Autora: Consuelo Jiménez de Cisneros.

Ahora que el verano casi ha terminado, es cuando más apetece viajar. El otoño resulta una estación más propicia para el viaje por el clima, la disminución de número de gentes en lugares representativos, la bajada de precios de servicios turísticos… Afortunadamente se acabó la llamada «temporada alta». Un momento del año en el cual un número ingente de personas hace turismo. Esto suele consistir en un viaje durante sus cortas o largas vacaciones. La mayoría de la gente, como quien elige menú en un restaurante, decide destinos más o menos exóticos sin considerar que quizá resulte más fácil, económico y gratificante pasar la quincena playera en las Islas Canarias que en el Caribe, y que irse a conocer el Caribe sin conocer las Canarias parece por lo menos extravagante.

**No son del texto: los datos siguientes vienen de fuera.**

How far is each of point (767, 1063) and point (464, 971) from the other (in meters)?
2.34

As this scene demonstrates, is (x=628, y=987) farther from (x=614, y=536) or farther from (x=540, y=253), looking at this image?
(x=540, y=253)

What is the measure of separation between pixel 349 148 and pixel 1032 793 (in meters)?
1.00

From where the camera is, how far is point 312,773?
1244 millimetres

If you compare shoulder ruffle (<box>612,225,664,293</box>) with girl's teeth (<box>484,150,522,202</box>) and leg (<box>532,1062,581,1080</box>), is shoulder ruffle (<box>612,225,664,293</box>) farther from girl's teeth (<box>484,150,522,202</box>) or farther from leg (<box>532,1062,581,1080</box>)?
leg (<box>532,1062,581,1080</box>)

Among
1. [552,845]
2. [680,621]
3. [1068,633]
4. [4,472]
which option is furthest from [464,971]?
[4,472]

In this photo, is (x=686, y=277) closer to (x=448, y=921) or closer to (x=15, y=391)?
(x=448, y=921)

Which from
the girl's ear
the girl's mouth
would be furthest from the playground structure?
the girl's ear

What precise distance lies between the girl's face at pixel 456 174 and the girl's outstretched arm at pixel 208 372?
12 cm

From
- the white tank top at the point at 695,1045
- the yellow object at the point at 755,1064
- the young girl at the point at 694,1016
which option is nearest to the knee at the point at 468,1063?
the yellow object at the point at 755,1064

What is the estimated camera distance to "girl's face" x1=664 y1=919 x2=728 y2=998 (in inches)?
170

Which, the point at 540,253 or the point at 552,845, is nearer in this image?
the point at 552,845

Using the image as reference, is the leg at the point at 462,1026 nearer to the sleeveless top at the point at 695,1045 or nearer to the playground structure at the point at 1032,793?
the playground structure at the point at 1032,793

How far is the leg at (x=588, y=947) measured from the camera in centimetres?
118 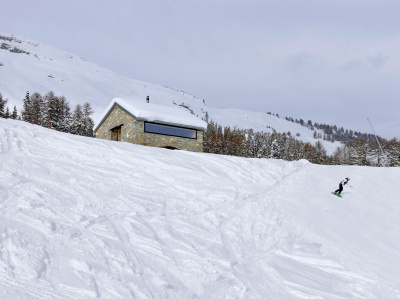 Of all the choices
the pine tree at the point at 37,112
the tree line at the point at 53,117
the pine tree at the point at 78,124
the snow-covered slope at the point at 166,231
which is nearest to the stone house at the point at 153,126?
the snow-covered slope at the point at 166,231

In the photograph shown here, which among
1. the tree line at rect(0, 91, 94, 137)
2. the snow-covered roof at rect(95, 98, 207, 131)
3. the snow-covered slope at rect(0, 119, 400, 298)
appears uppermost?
the tree line at rect(0, 91, 94, 137)

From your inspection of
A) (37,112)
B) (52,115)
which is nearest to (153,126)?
(52,115)

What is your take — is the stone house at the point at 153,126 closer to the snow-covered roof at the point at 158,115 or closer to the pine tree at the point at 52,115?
the snow-covered roof at the point at 158,115

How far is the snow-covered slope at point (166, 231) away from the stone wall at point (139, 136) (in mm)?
7010

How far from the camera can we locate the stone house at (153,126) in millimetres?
20891

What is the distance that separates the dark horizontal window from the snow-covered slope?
7.60 meters

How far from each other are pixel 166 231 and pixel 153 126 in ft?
50.9

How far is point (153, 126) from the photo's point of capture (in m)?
21.5

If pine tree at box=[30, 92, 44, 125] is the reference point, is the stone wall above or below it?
below

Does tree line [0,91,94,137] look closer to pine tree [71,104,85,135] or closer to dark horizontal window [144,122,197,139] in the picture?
pine tree [71,104,85,135]

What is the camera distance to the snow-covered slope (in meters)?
4.62

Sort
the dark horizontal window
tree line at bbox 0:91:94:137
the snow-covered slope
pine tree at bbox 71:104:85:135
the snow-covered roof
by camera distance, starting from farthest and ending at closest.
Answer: pine tree at bbox 71:104:85:135 < tree line at bbox 0:91:94:137 < the dark horizontal window < the snow-covered roof < the snow-covered slope

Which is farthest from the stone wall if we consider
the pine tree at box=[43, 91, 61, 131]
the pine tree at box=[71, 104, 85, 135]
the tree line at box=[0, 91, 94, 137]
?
the pine tree at box=[43, 91, 61, 131]

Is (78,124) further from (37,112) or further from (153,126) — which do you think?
(153,126) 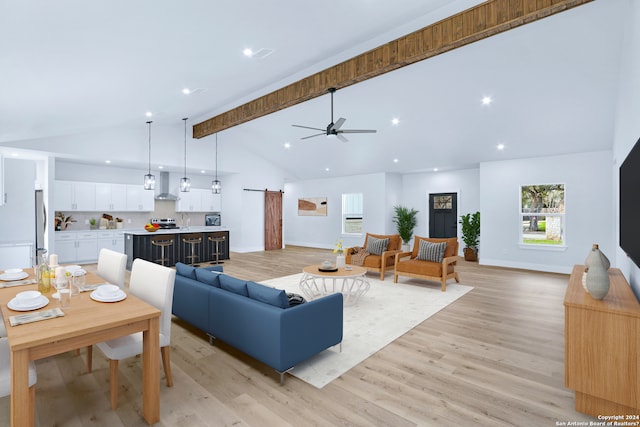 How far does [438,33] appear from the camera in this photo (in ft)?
11.8

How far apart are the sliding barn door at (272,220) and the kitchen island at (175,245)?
250 cm

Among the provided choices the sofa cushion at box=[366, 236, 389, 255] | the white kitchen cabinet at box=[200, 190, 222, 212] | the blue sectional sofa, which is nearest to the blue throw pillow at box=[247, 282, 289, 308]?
the blue sectional sofa

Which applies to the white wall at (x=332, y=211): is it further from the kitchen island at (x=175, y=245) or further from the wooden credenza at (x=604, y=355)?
the wooden credenza at (x=604, y=355)

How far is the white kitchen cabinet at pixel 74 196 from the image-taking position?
7.66m

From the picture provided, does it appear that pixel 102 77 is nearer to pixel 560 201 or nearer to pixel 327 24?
pixel 327 24

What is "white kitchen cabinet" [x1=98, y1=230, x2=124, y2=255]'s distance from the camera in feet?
26.8

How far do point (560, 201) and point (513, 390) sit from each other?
243 inches

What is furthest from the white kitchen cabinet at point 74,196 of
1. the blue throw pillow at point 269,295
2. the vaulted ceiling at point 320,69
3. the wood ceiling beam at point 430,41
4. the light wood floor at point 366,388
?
the blue throw pillow at point 269,295

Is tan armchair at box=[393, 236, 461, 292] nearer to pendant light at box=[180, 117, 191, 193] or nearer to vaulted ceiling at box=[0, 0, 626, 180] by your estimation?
vaulted ceiling at box=[0, 0, 626, 180]

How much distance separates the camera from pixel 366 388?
250 cm

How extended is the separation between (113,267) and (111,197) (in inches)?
245

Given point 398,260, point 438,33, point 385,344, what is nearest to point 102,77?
point 438,33

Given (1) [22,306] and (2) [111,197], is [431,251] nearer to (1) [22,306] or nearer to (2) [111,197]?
(1) [22,306]

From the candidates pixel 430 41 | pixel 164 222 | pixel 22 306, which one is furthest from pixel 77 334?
pixel 164 222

Aunque tampoco se trata de conocer el Caribe, sino de decir que se ha estado ahí, de habitar un hotel con todos los servicios al pie de una playa. Yo sí estuve en el Caribe, pero no me fui a un hotel impersonal que podría estar en el Caribe o en la luna. Recorrí las poblaciones donde viven los auténticos habitantes del Caribe, comprobé con qué poco espacio y con qué pocas cosas se puede vivir idílicamente y que basta con un colegio y una iglesia para construir un pueblo. Esa sí es una experiencia de viaje que encuentro interesante; para la otra, cualquier hotel de Benidorm me basta y me ahorro el viaje transatlántico.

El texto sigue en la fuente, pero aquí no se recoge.